Study shows self-assembly of light-absorbing chiral molecules facilitates singlet fission process

TEM image of aqueous NPs. a) Tc_NP, scale, 100 nm. b) Tc_R-NEA_NP, scale, 200 nm. c) High-resolution TEM of Tc_R-NEA_NPs, scale, 100 nm. Credit: Advanced Science (2024). DOI: 10.1002/advs.202405864

In organic molecules, an exciton is a pair of an electron (negative charge) and its hole (positive charge) bound to a particle. They are held together by Coulombic attraction and can move within molecular assemblies. Singlet fission (SF) is a process in which an exciton is amplified and two triplet excitons are generated from a singlet exciton.

This is caused by the absorption of single particles of light, or photons, in molecules called chromophores (molecules that absorb light at specific wavelengths). Controlling the molecular orientation and arrangement of chromophores is important to achieve high SF efficiency in materials with great potential for optical device applications.

So far, studies on SF have been performed on solid samples, but there is still no comprehensive design guideline regarding the molecular organization required for efficient SF.

Professor Nobuo Kimizuka of Kyushu University and his colleagues now demonstrate that science fiction can be promoted by introducing chirality (molecules that cannot be superimposed into mirror images) into chromophores and achieving chiral molecular orientation in the self-assembled molecular structure. succeeded in doing so.

In a paper published in Advanced Science, the research team demonstrated SF-based triplet excitons in self-assembled aqueous nanoparticles containing chiral pi-electron chromophores. This phenomenon is not observed with similar racemic nanoparticles (mixtures of equal amounts of molecules that are mirror images of each other). .

Professor Kimizuka said, “We have discovered a new way to enhance SF by achieving chiral molecular orientation of chromophores in self-assembled structures.”

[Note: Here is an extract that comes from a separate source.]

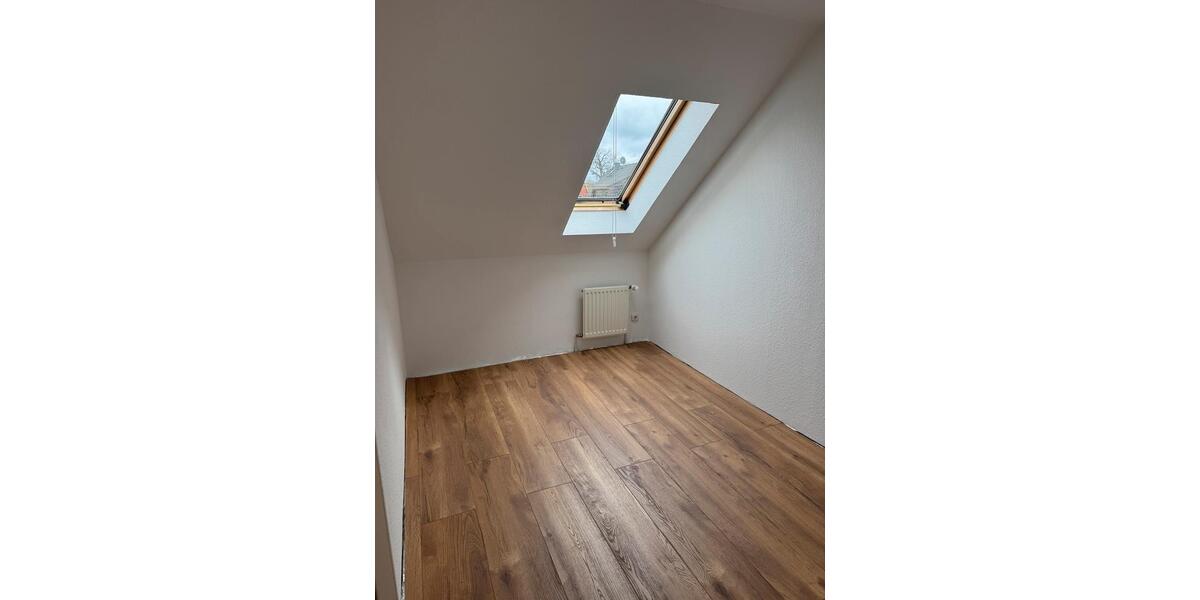 Dachgeschoßwohnung Fredersdorf-Vogelsdorf Vogelsdorf - 4 Zimmer, 77 m&sup2;, 1.200&euro; | Angebot:26049977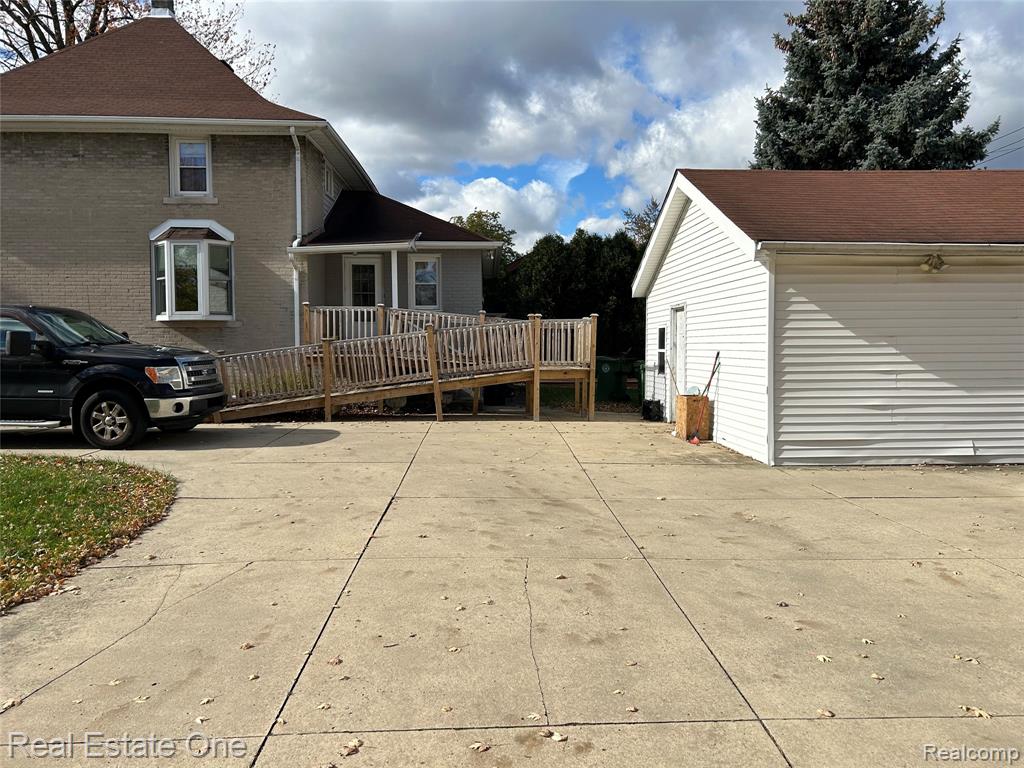 14212 Northline Road Southgate, MI 48195 - Photo 9 of 24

Researchers investigated the SF properties of aqueous nanoparticles self-assembled from ion pairs of tetracene dicarboxylic acid and various chiral or nonchiral amines. They identified an important role for counterions (ions with an opposite charge to other ions in the solution), particularly ammonium molecules.

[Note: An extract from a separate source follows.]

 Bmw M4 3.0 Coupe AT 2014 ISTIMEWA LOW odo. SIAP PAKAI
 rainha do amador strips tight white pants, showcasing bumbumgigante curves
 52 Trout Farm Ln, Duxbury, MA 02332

The counterion influenced the molecular orientation, structural regularity, spectroscopic properties of the ion pair, and the strength of the intermolecular bond between the tetracene chromophores. Therefore, counterions played an important role in controlling the chromophore alignment and related SF processes.

Through extensive experiments with chiral amines, the team achieved a triplet quantum yield of 133% and a rate constant of 6.99 × 109 s−1. In contrast, they observed that nanoparticles with achiral counterions did not exhibit SF.

Racemic ion pairs also produced intermediate correlated triplet pair states by SF. However, triplet-triplet annihilation was dominant for triplet pairs. Therefore, no dissociation into free triplets was observed.

“Our research provides a new framework for molecular design in science fiction research and will pave the way for applications in life sciences, including energy science, quantum materials, photocatalysis, and electron spin. Furthermore, it This provides us with the motivation to continue exploring science fiction in chiral molecular assemblies, “organic media and thin film systems that are important for solar cell and photocatalytic applications,” concludes Kimizuka.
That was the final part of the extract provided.